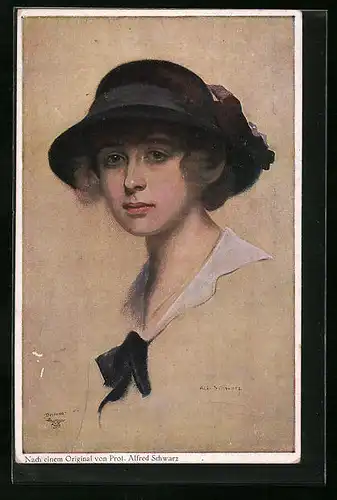 Künstler-AK sign. Alfred Schwarz: Fräulein mit Hut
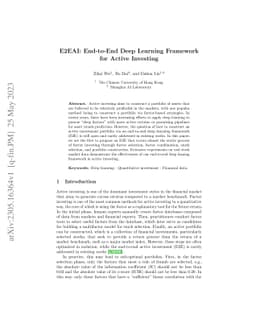 E2EAI: End-to-End Deep Learning Framework for Active Investing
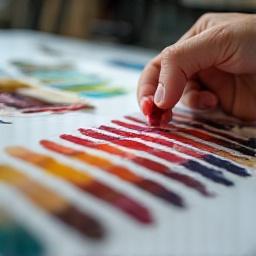 A colourist comparing a natural dye sample to a colour swatch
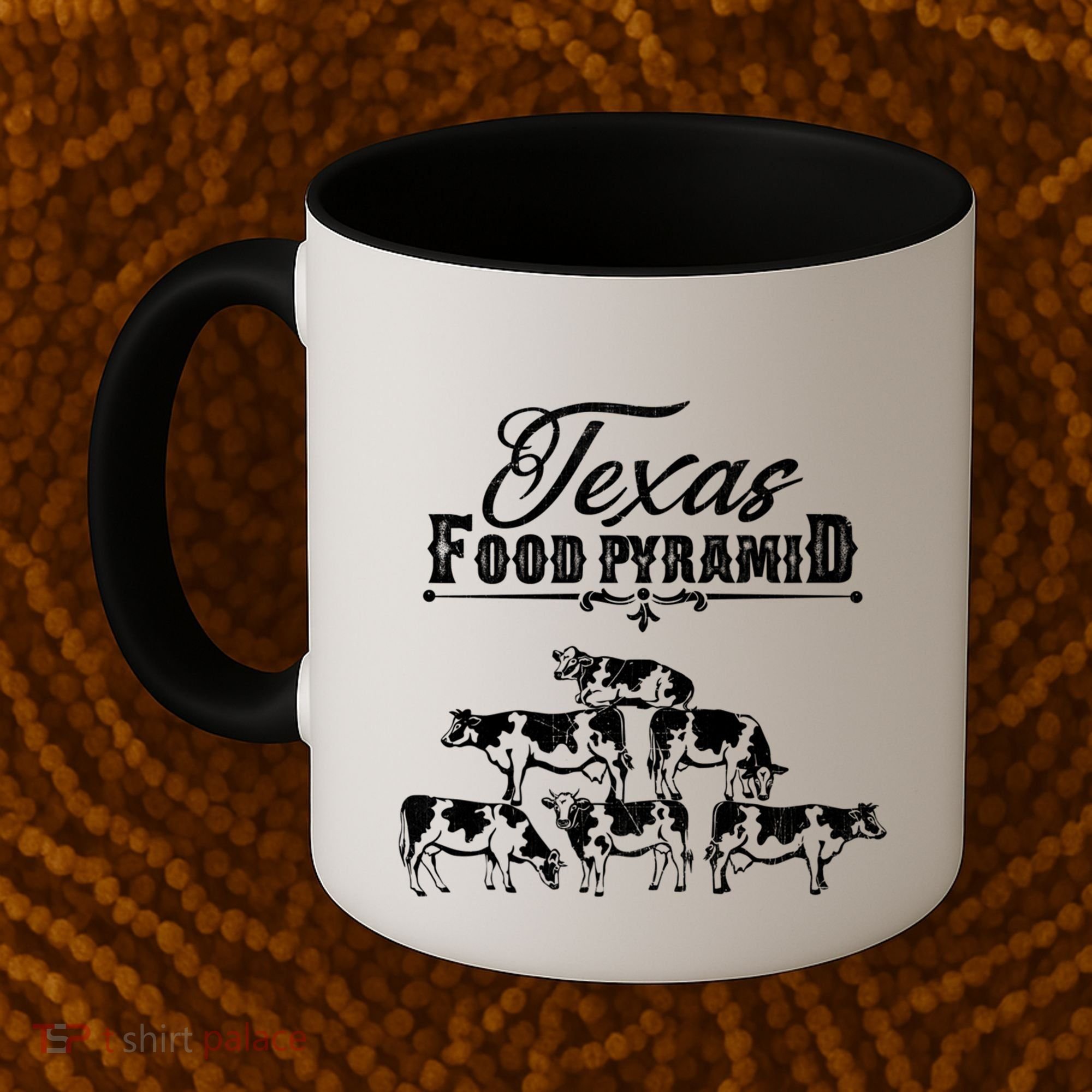 Texas Food Pyramid Funny Cow Pyramid Tee Gift Coffee Mug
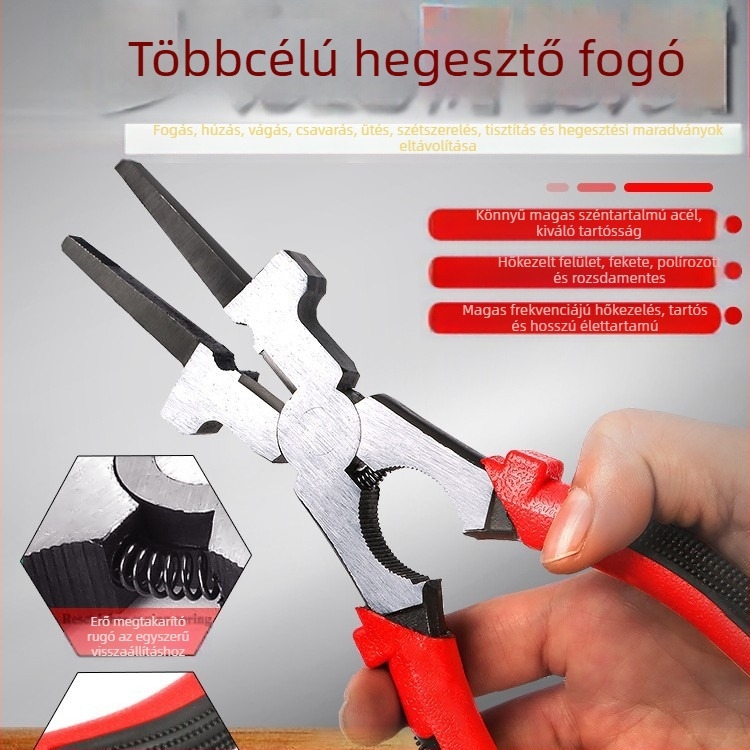 Többfunkciós hegesztőfogó hegyes orral és hosszú szájjal a vezetékek vágásához, 45# acél, tömeg 0.29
_ _ _
- YOUR OBJECTIVE: Every record must be returned exactly. Leave its pictures out.

- SOLUTION TO THIS PROBLEM:
 Künstler-AK sign. Alfred Schwarz: Fräulein mit Hut
 E2EAI: End-to-End Deep Learning Framework for Active Investing
 A colourist comparing a natural dye sample to a colour swatch
 Texas Food Pyramid Funny Cow Pyramid Tee Gift Coffee Mug
 Többfunkciós hegesztőfogó hegyes orral és hosszú szájjal a vezetékek vágásához, 45# acél, tömeg 0.29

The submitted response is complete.